Brasil deja de monitorear la deforestación en uno de los biomas con mayor biodiversidad del planeta

El Instituto Nacional de Investigaciones Espaciales (Inpe) de Brasil dejará de monitorear la deforestación en el Cerrado, una de las sabanas más importantes del mundo, por falta de fondos.
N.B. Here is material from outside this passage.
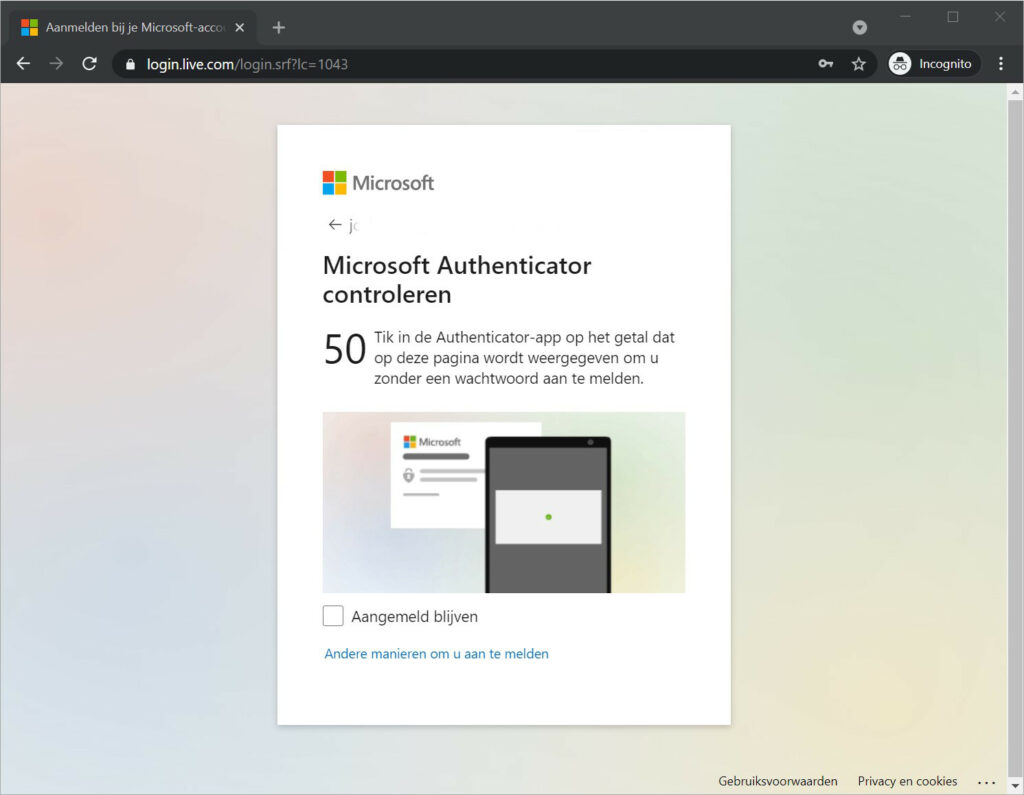 Screenshot inloggen op je Microsoft-account met 2FA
El organismo, que depende del Ministerio de Ciencia y Tecnología, contaba con un financiamiento del Banco Mundial de 2,5 millones de reales por año para llevar adelante sus tareas de conservación. 

Ante el fin del acuerdo, el instituto dejará de publicar datos sobre la deforestación en el Cerrado a partir de abril. Desde que Jair Bolsonaro llegó a la Presidencia, la destrucción del Cerrado se disparó un 7,9 por ciento, el aumento más alto desde 2016. 

Los últimos informes indicaron que la llegada de Bolsonaro al poder interrumpió una drástica trayectoria descendente de devastación en el bioma, que comenzó en 2006.

Se perdieron 8.500 kilómetros cuadrados de vegetación nativa, un área equivalente a casi seis veces la ciudad de São Paulo. La extensión deforestada es la más alta desde 2016.

El Cerrado, vecino de la selva amazónica y que se extiende por varios estados brasileños, es un gran aliado contra el cambio climático por el carbono que absorbe. Muchas veces se lo compara con un bosque al revés porque sus plantas hunden raíces profundamente en el suelo.

Además, en medio de la crisis hídrica que atraviesa el país, la falta de conservación podría desembocar en nuevos desabastecimientos, dado que en el bioma nacen ocho de las 12 grandes cuencas hidrográficas del país.

Según un estudio de Mapbiomas, la ganadería y la agricultura de exportación fueron responsables del 99% de la deforestación en el Cerrado, que ya perdió casi la mitad de su cobertura vegetal original.